Case Study
Death to Phishing
What happens after a phishing attack? Here's one midsize bank's phishing incident response plan.
By Sarah D. Scalet
Denouement
By whatever means, the phishing site eventually comes down. Then all that's left is the reporting.
Brandimensions burns a compact disc with information about the phish, including screen shots, and gives it to Bank XYZ. The bank then passes the information on to the FBI, which looks for patterns or anomalies in the attacks. (Through Miller, the FBI agent assigned to Bank XYZ declined to comment for this story.)

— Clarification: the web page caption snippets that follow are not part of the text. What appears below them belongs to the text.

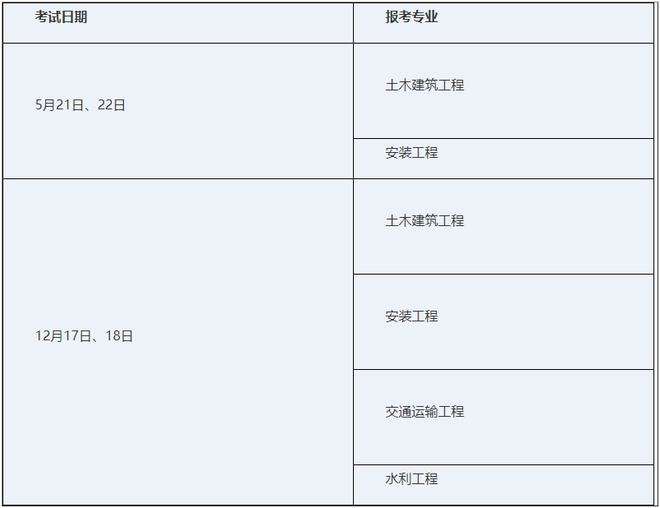 四川省助理造价工程师,四川省造价员  第1张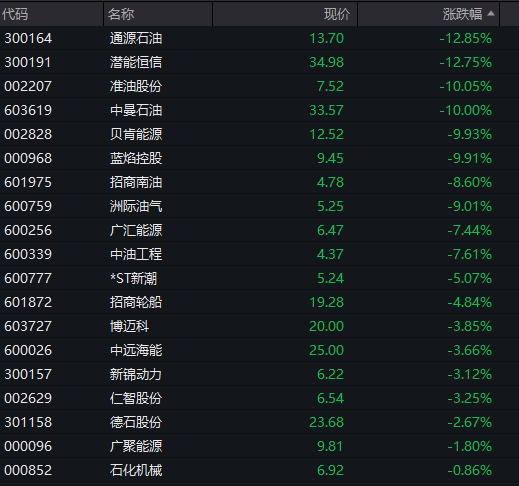 AH股大幅高开：创业板涨3%，算力硬件爆发，油气股上演跌停潮，恒科指暴涨4%，科网股集体反弹 - 图片10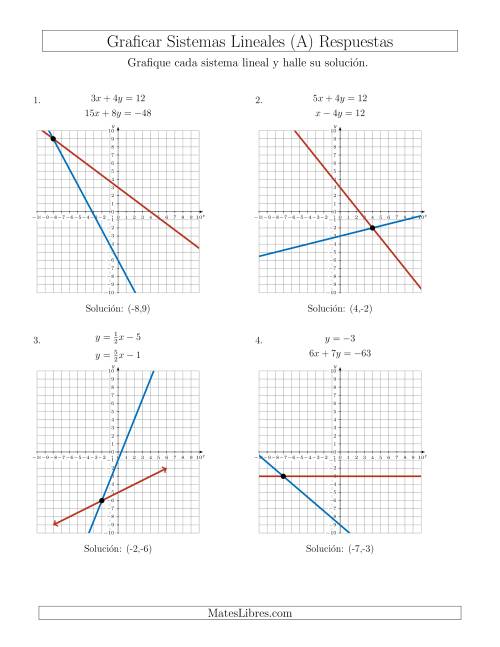La hoja de ejercicios de Resolver Sistemas de Ecuaciones Lineales en Formas Estándar y Pendiente-Intercepto Graficando (A) Página 2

Technically, national banks are also supposed to report incidents involving spoofed websites to the Treasury Department's Office of the Comptroller of the Currency, in the form of a suspicious activity report, or SAR. Miller won't publicly comment on SARs at all, even anonymously. She'll only say that the bank reports phishing attacks to appropriate regulatory agencies.
Within the bank, Miller reports to business lines about monthly fraud losses. Meanwhile, a cross-departmental team helps educate customer-facing employees and works with public affairs on customer education. It's a many-fronted battle in a war that's far from won.
Now that the ATMs have been hardened, phishers are going after online banking log-ons instead, and using the account access to do fraudulent fund transfers. There are also mounting concerns that if customers stop giving up information voluntarily, the phishers will start taking it instead, with technical approaches such as pharming. Fraudsters are an opportunistic lot. Banks are just trying to stay no more than a few steps behind.
But for now, at least, when a new attack targets Bank XYZ, the CISO is surprised for entirely different reasons than on that first chaotic day. "Today I came in and had a voice mail that we had a phish," says Williams, 367 days after that first ugly scene. "I was like, Oh, we haven't had one of those in a while." There's not much he has to do about it, either. There are no tense conference calls where people are asking for basic definitions. Everyone knows his or her job.
"We have confidence in the incident response process," Williams says. "We defined how it should go, and it started working. And once you have a way to manage it, it no longer requires the CISO's involvement." The death of a phish doesn't need to be extraordinary. It's just in a day's work.